(Items from a dataset)
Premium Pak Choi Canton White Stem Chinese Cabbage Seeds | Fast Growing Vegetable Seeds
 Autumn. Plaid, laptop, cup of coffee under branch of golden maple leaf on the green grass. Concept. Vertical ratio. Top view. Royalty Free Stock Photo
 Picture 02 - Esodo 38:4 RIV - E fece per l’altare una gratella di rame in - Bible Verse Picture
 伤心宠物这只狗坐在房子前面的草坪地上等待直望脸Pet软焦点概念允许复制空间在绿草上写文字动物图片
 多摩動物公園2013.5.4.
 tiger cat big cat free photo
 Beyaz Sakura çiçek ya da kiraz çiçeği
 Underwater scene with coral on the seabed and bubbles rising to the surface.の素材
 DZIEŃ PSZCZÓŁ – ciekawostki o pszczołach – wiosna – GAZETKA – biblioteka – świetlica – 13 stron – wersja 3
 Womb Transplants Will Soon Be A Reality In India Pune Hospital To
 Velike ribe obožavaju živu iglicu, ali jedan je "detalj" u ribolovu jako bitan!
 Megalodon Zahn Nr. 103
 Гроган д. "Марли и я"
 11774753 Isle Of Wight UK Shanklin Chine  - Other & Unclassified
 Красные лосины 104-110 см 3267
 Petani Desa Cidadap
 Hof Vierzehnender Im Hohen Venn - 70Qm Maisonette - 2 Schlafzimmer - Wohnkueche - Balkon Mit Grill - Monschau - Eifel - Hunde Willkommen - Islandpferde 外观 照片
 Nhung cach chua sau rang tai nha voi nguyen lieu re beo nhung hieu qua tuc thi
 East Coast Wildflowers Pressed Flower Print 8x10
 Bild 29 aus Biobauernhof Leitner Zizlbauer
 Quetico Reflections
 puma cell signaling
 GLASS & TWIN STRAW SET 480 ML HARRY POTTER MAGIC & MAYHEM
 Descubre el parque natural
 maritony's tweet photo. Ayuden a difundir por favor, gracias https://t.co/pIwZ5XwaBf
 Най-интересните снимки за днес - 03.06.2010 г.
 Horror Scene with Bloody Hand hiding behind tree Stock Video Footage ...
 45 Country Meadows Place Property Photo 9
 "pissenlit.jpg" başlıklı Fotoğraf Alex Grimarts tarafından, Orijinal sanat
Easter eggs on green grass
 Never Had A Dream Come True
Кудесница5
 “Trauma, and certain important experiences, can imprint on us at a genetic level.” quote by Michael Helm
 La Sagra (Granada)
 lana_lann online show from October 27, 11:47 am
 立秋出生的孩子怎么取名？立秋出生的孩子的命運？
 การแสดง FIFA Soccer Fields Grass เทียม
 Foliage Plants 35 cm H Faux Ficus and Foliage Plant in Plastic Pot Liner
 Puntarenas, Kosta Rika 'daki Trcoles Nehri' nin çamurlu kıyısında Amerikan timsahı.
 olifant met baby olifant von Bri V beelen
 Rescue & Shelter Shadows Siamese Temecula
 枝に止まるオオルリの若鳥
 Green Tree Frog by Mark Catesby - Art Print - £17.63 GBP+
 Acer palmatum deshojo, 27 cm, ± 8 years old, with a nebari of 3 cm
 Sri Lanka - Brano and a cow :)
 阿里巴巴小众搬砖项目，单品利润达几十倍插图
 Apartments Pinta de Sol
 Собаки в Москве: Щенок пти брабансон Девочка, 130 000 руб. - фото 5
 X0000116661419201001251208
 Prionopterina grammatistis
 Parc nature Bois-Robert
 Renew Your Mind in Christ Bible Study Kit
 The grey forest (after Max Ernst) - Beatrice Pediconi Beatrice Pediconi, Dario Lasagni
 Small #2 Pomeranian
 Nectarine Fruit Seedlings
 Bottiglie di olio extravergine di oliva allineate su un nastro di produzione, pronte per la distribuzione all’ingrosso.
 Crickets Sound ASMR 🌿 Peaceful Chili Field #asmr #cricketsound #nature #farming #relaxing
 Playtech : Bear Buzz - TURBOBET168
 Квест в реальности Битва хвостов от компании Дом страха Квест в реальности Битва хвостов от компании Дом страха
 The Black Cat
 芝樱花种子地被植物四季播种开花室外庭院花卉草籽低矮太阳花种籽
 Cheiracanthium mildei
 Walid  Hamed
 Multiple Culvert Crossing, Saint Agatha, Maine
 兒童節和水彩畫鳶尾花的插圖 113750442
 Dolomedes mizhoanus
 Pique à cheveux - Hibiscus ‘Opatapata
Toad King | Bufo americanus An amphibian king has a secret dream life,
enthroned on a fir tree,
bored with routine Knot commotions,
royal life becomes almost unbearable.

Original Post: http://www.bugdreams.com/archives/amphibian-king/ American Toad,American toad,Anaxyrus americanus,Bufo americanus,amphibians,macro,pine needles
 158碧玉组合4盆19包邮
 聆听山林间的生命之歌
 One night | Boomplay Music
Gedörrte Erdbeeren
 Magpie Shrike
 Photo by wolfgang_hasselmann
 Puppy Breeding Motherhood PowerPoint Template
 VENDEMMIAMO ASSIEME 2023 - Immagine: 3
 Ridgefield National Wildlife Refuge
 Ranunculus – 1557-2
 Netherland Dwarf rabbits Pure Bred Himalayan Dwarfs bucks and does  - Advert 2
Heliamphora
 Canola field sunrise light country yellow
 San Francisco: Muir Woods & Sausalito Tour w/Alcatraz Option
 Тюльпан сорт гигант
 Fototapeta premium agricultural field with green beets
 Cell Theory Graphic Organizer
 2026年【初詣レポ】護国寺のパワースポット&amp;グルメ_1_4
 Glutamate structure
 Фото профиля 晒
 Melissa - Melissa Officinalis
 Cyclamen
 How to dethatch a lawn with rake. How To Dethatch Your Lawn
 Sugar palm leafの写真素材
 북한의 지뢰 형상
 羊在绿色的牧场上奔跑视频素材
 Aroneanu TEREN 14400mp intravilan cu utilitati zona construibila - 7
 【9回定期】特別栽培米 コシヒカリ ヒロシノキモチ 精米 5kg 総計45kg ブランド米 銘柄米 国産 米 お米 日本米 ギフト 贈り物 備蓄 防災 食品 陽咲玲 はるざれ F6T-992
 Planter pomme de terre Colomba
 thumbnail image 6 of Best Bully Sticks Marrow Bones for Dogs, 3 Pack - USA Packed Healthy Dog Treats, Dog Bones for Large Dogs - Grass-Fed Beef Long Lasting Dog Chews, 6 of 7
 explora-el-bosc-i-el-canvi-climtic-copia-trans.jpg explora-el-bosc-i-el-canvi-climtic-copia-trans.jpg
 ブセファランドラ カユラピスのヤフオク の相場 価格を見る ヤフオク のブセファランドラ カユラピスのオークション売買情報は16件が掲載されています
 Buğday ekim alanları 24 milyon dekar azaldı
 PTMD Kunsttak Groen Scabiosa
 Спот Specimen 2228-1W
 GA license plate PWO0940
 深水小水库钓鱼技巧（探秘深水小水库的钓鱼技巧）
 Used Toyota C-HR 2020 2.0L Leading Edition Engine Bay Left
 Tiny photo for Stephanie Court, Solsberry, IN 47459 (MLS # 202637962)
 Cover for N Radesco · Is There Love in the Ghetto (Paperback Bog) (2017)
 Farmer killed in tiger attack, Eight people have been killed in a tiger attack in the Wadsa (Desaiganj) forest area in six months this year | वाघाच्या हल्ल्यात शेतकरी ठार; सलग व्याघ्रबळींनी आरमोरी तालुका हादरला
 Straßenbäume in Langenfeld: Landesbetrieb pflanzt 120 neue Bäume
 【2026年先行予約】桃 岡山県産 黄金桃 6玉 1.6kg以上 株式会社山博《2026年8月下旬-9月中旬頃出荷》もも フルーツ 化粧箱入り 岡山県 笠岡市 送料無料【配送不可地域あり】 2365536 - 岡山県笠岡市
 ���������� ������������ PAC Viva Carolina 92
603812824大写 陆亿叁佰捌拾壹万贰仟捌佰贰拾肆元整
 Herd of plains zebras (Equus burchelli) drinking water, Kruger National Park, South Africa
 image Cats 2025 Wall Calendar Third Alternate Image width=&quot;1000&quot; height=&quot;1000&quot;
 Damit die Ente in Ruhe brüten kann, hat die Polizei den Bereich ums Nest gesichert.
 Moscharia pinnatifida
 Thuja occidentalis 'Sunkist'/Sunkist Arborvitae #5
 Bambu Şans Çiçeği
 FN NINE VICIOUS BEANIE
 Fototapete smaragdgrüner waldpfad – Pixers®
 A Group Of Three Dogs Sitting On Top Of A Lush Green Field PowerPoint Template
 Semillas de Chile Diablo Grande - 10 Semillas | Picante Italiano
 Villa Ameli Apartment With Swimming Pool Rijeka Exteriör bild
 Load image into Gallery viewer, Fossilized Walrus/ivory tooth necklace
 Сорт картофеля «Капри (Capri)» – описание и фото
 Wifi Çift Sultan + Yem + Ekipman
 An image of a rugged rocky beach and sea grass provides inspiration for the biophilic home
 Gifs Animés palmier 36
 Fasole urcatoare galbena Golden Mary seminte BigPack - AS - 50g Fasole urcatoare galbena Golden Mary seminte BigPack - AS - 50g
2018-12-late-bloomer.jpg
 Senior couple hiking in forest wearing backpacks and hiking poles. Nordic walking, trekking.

About this task: What must be returned is only the number of lines in the records that hold the word "PowerPoint".

Response: 2